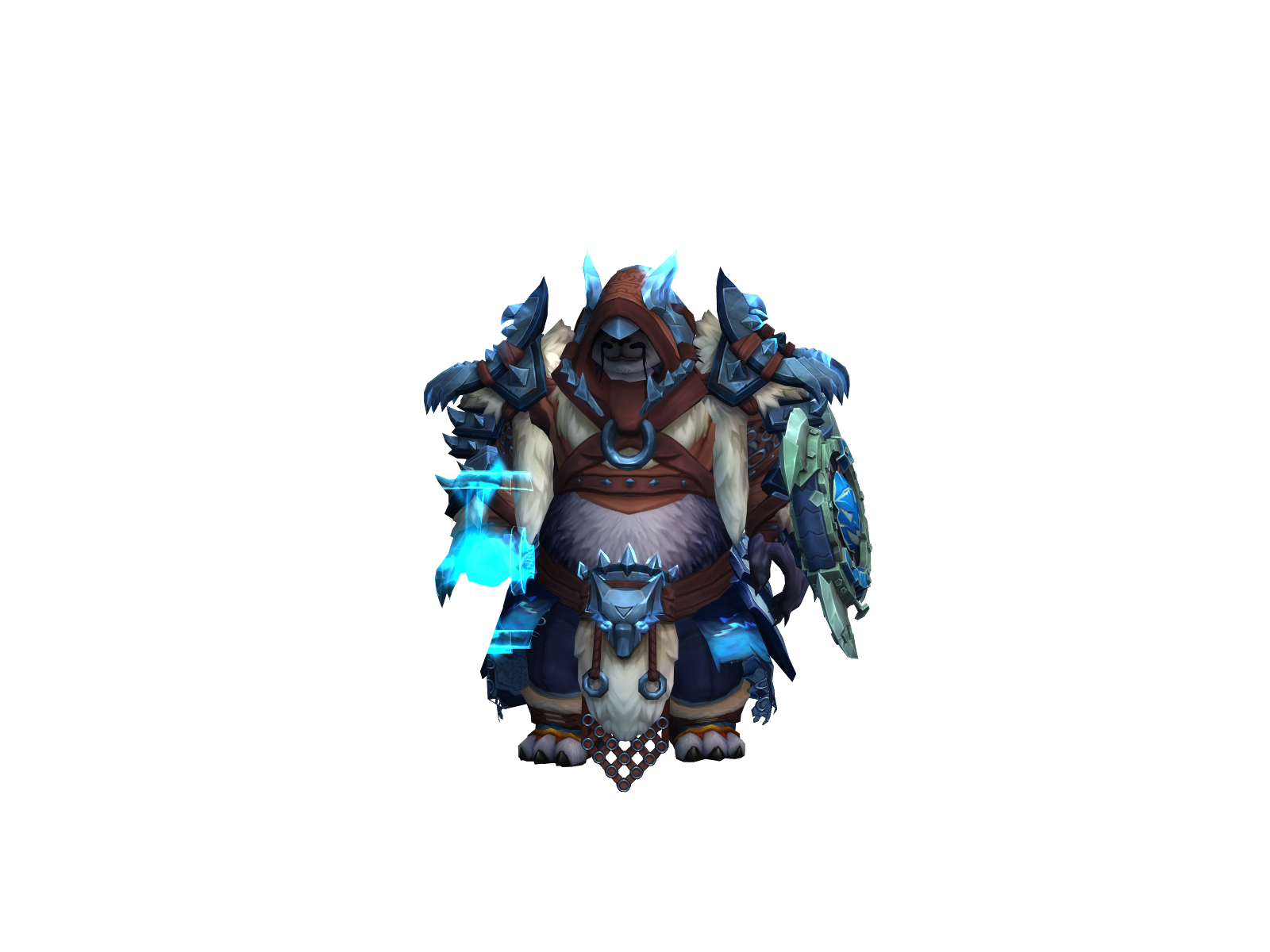 Baconfriend 3D character render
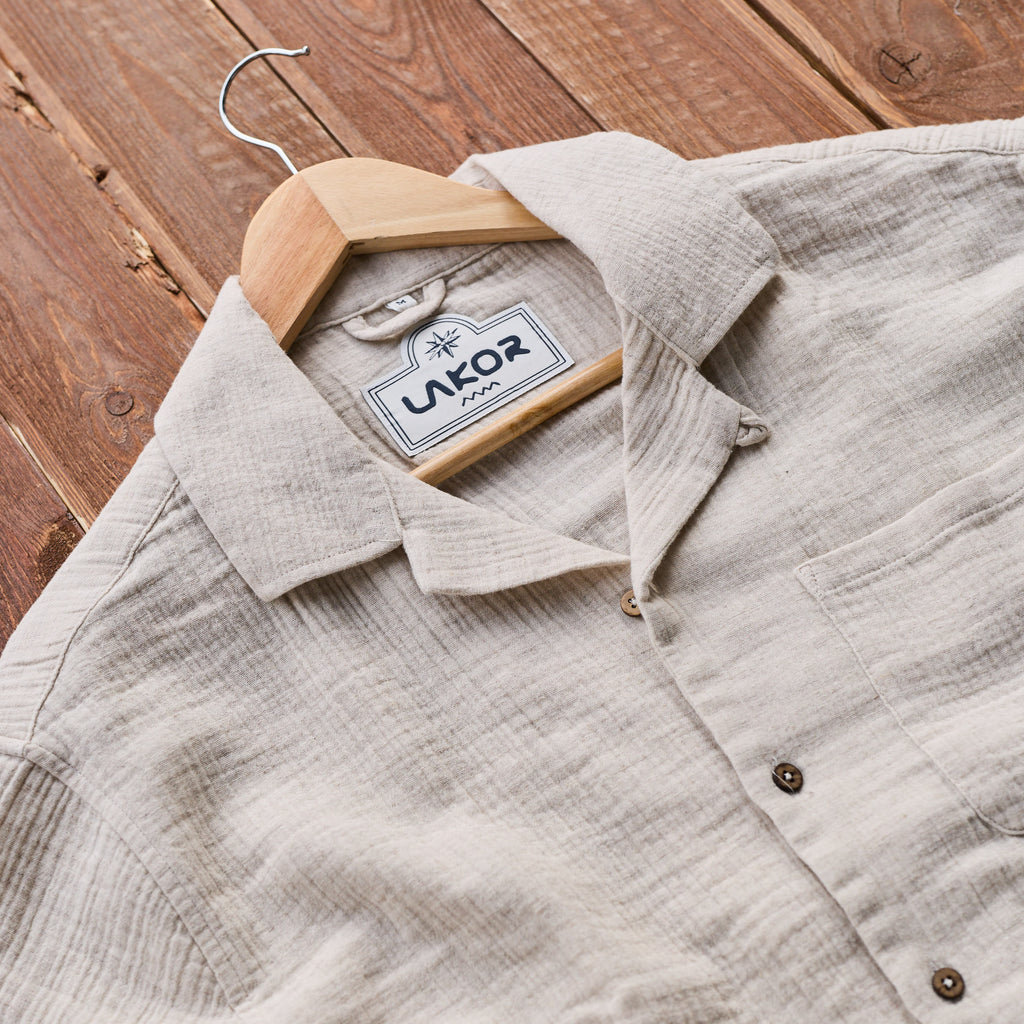 Lakor - Coastline Short Havanna - Rå-hvid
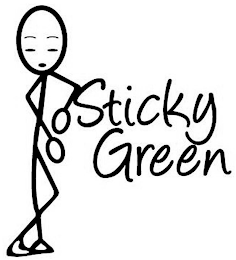 STICKY GREEN logo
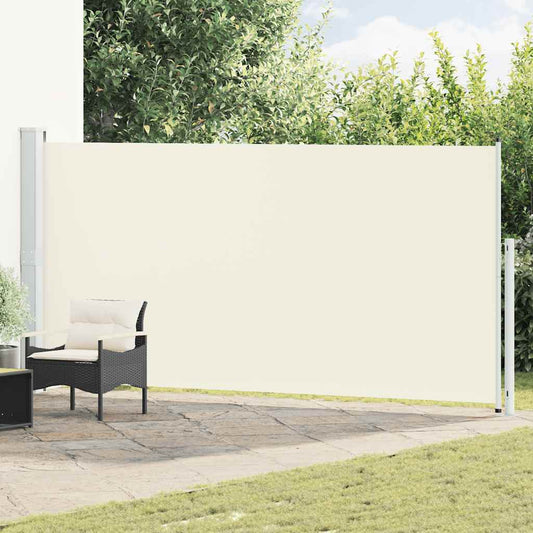 Tenda Laterale Retrattile per Patio 180x500 cm Crema | homemem39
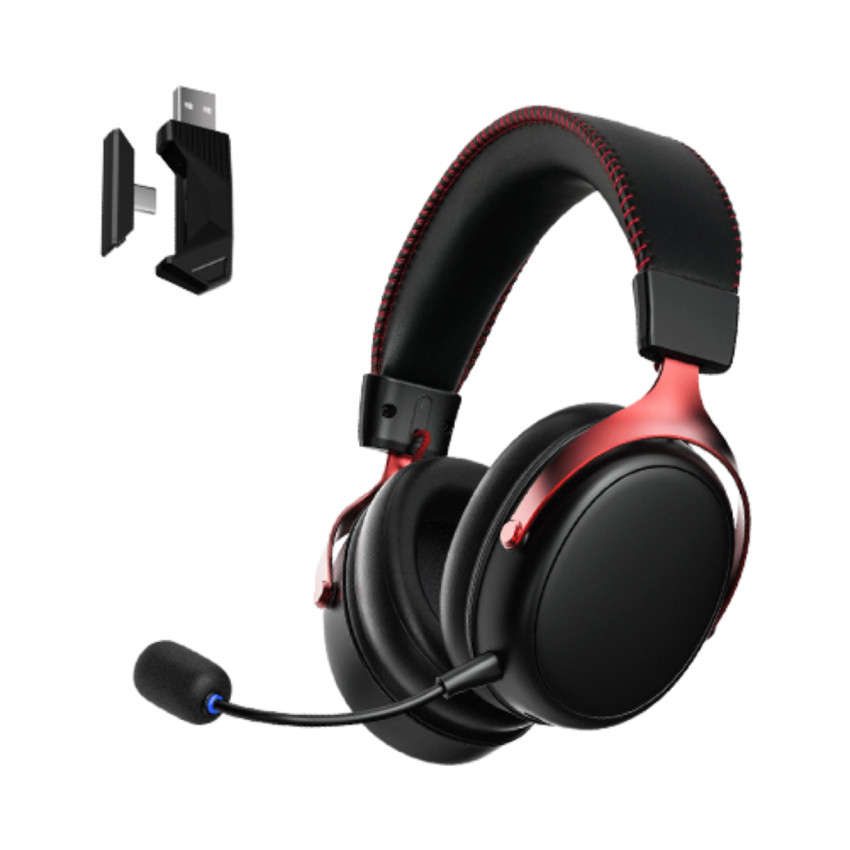 Tai nghe AKKO Verge S9 Ultra (Black & Red) chính hãng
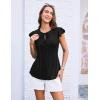 imageGRACE KARIN Womens Ruffle Cap Sleeve Tunics Summer Tie Front Dressy Casual Blouse Elegant Work Tops for Women 2025Black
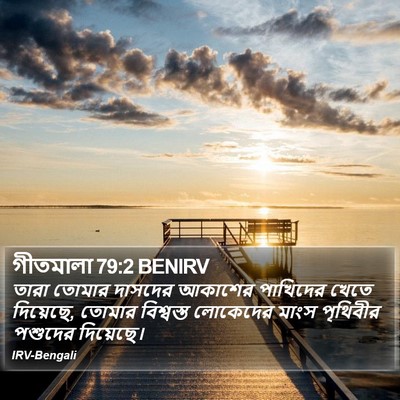 গীতমালা 79:2 BENIRV Bible Verse Image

-*-

**Task objective**
Output exactly the lines from the one containing "Tenda Laterale Retrattile" through the last line of the records above, both included, leaving out any pictures.

**Solution**
 Tenda Laterale Retrattile per Patio 180x500 cm Crema | homemem39
 Tai nghe AKKO Verge S9 Ultra (Black & Red) chính hãng
 imageGRACE KARIN Womens Ruffle Cap Sleeve Tunics Summer Tie Front Dressy Casual Blouse Elegant Work Tops for Women 2025Black
 গীতমালা 79:2 BENIRV Bible Verse Image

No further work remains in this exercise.